Initial 2016 poverty guidelines + top 5 stories readers want + 7 reporting resources

News. The secret shame of middle-class Americans: 47 percent can’t cover a $400 emergency. The average 29-year-old lives with a partner in the suburbs – without a bachelor’s degree. Is ACA coverage affordable? Six perspectivesElection 2016. From Sanders: “Poverty is a death sentence.” From Paul: His poverty legislation is the “largest anti-poverty initiative since the War on Poverty.” AT&T reaches out to low-income Americans with $10 Internet service. Free college would help the rich, a new report says. The California air board should focus on low-income areas, lawmakers say. A $6 million project creates housing for veterans in Detroit. About 1.7 million Texas children live in poverty – and 50 percent are Latino.
(Culture commentary: Have you watched or participated in the conversation about Beyonce’s latest visual album, Lemonade? Even if this isn’t your usual coverage area or cup of tea musically, keep watch. This pop icon’s latest work has much to say about black feminism, pain & suffering and American womanhood. People are noticing the allusions to Malcolm X, Yoruba culture, Black Lives Matter and Southern disparity. And many white commentators are listening. I’m eager to see where this conversation goes this week.)
Data & graphics:
  • Preliminary 2016 poverty guidelines are out. The Department of Health and Human Services released its initial computations so we can take a glance. Across the board, numbers are bumping up.

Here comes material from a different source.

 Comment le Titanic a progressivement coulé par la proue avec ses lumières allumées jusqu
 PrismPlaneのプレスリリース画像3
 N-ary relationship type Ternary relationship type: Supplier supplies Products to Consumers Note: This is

  • Two-thirds of Americans say they prefer saving to spending, a Gallup poll says. Do we care more since the recession? And where’s the disconnect between intention and action?
  • San Francisco and Travis, Texas, lead the country in employment growth, the Census Bureau reports. Check out the numbers and the chart of the top 50 counties nationwide.

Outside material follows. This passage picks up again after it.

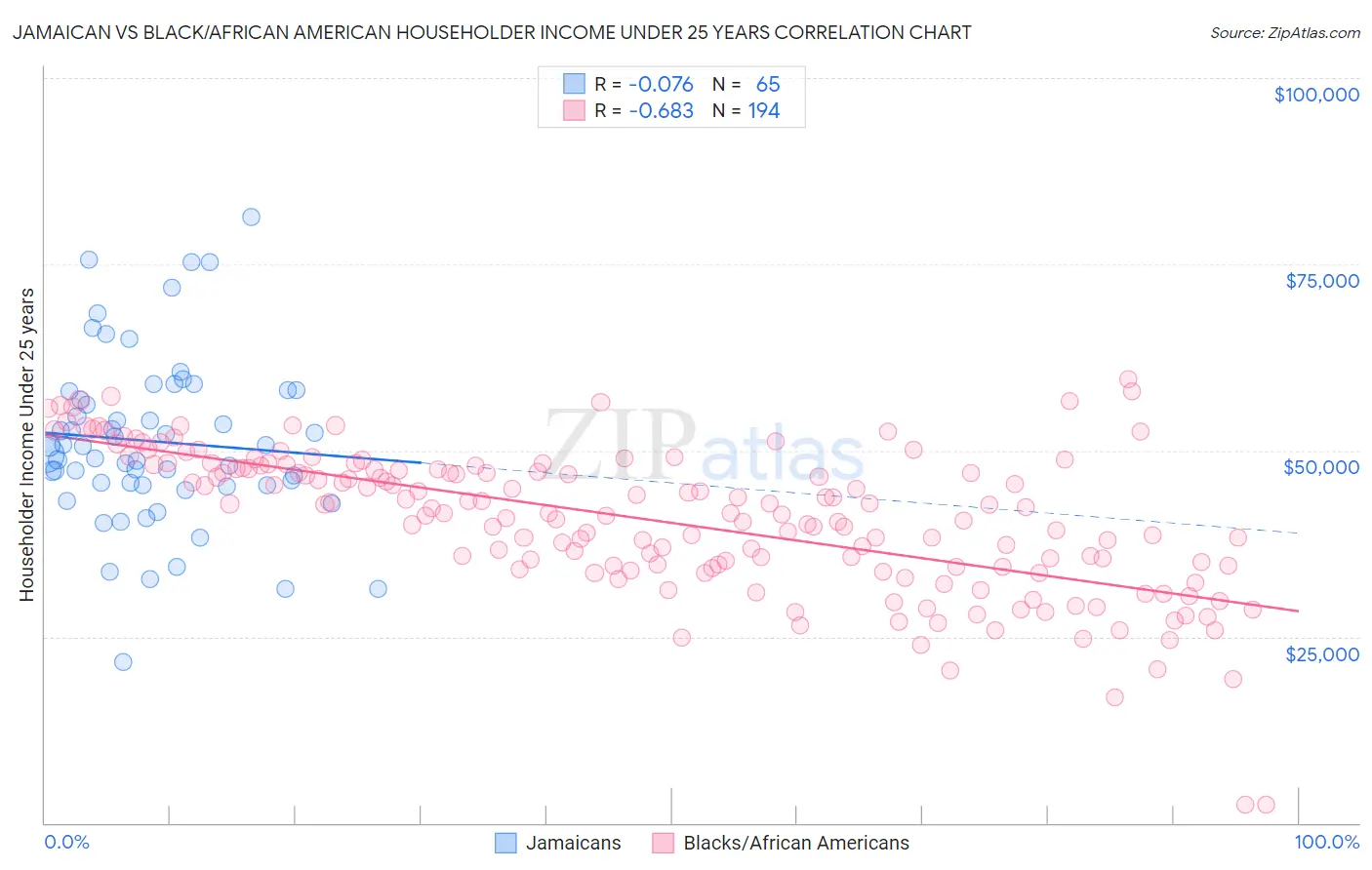 Jamaican vs Black/African American Householder Income Under 25 years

  • The labor market still isn’t ideal for high school and college graduates, says the Economic Policy Institute. Read the full report, including a special section about the gender gap. Out of college, women make $4 less per hour.

Reports & resources:

  • Lessons learned from 40 years of subsidized employment programs, a report by Georgetown Law’s Center on Poverty & Inequality. The report looks at 40 different jobs programs, detailing the effects on higher earnings, criminal justice/jail time and school success for workers’ children. Use the report for context or to take a deep dive on your local program.
  • #AHCJ16 coverage is still rolling out. Want ideas for uncovering the true cost of health care? How about cities in crisis and disparities in health? Find reporting tipsheets and “How I Did It” stories from health journalists. (I’m contributing a poverty + health tip sheet in the next month, in fact.)

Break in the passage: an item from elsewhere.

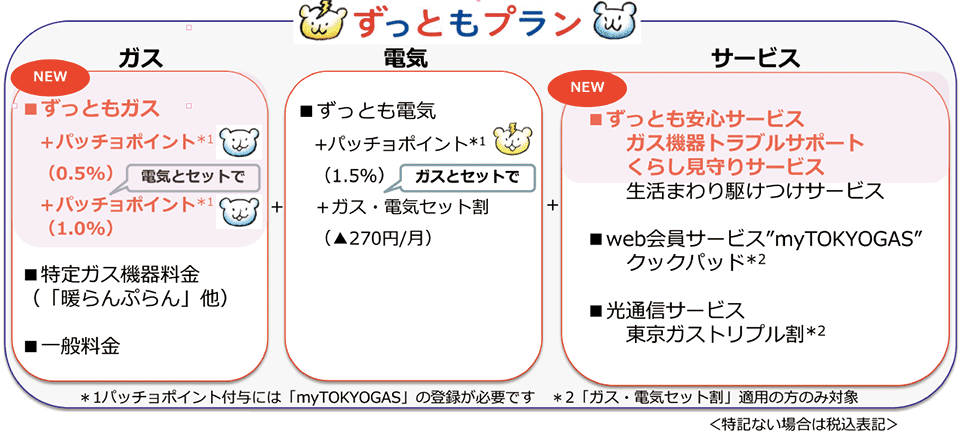 図5 東京ガスの「ずっともプラン」の内容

  • Map the Meal Gap: The University of Kentucky Center for Poverty Research is taking applications for a grant that will fund research about the geography of food insecurity. Pass it along to your expert sources, if relevant, but also consider the premise – what is the county data/implications for food security in your area? Do your lawmakers have any innovative policies to address it?
  • Speaking of food insecurity, The Hamilton Project released a video conversation with U.S. Agriculture Secretary Tom Vilsack about policies to alleviate food insecurity.
Final thoughts. When we write stories about poverty + health disparities, what do readers actually read? In the past year, they focused on:
  • The Planned Parenthood controversy
  • The measles outbreak/vaccine debate
  • The Flint water crisis
  • Problems in the Veterans Affairs health care system
  • Higher prescription drug costs
  • The Zika virus
The Kaiser Family Foundation breaks down the numbers in a chart and commentary. How does your audience affect your editorial planning?